Torque Distribution Strategy for a Front- and Rear-Wheel-Driven Electric Vehicle

Abstract

Electric vehicles (EVs) with a distributed drive train configuration offer great potential and flexibility for improving system efficiency, performance, reliability, and safety. This paper investigates a torque distribution scheme for a front- and rear-wheel-driven microsized EV to improve drive train efficiency over a wide torque and speed range. The loss model of the traction permanent-magnet (PM) motor is characterized in both the constant-torque and flux-weakening regions. The relationship between motor efficiency and torque at a given speed is then derived. It has been shown that maximum efficiency is achieved if the total torque required by the vehicle is equally shared between the two identical motors.
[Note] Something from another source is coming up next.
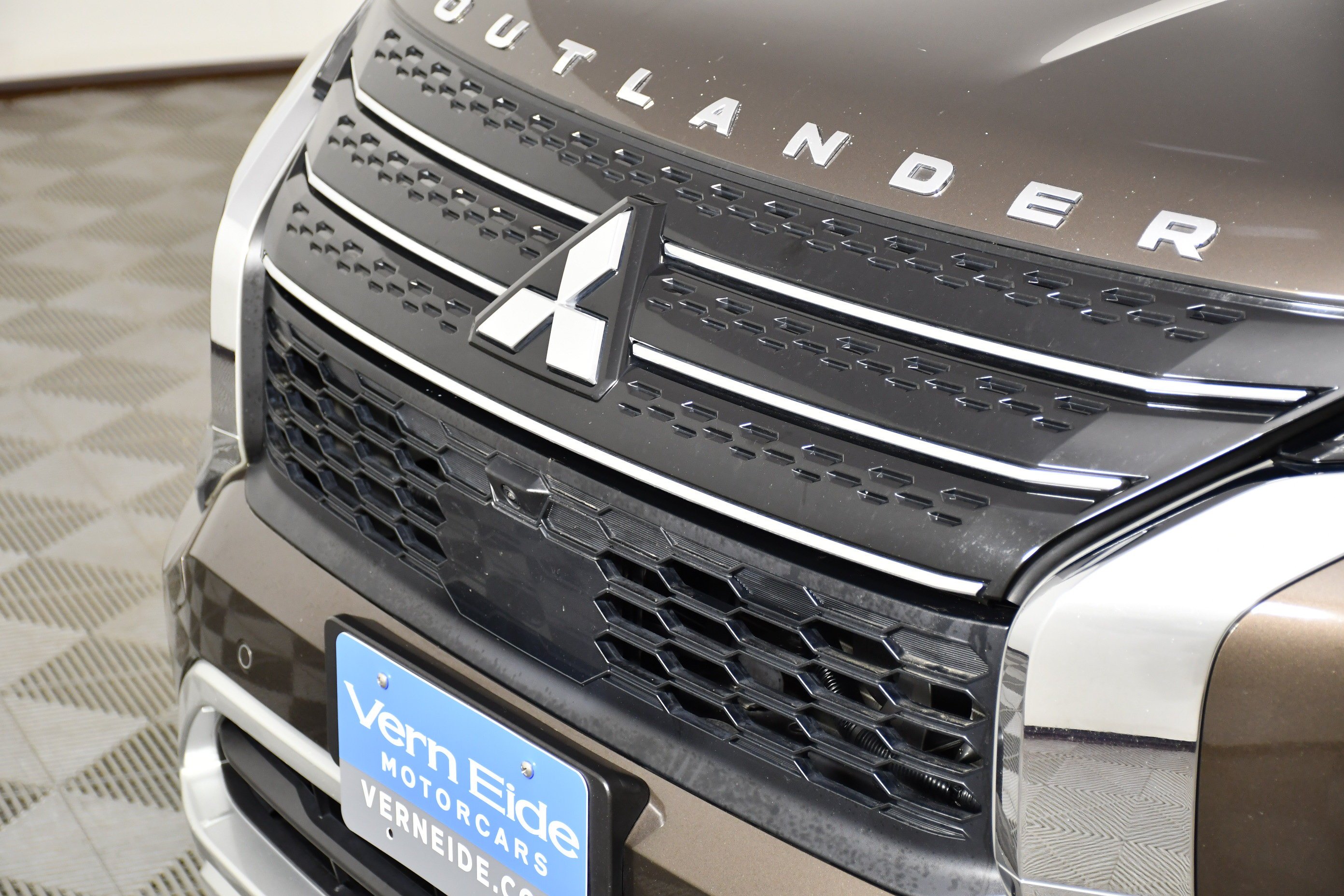 Used 2022 Deep Bronze Metallic Mitsubishi SEL image 11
In addition, the distribution of the energy consumption over a New European Driving Cycle (NEDC) is analyzed, and the regions of high speed and low torque are identified to have a high level of energy consumption; in these regions, motor efficiency improvement is the most important. Therefore, this paper further proposes to operate just one motor to provide the total required torque in the low-torque region. A clutch may be employed between one motor and gearbox (differential), thus “switching off” its idle loss (no-load loss and flux-weakening loss) and improving drive train efficiency. An online optimized torque distribution algorithm has been devised based on the motor efficiency map to determine whether the second motor should be disengaged by the clutch in the low-torque region. With the proposed optimization scheme, drive train efficiency can be improved by 4% over the NEDC. Experimental test results validate the proposed torque distribution strategy.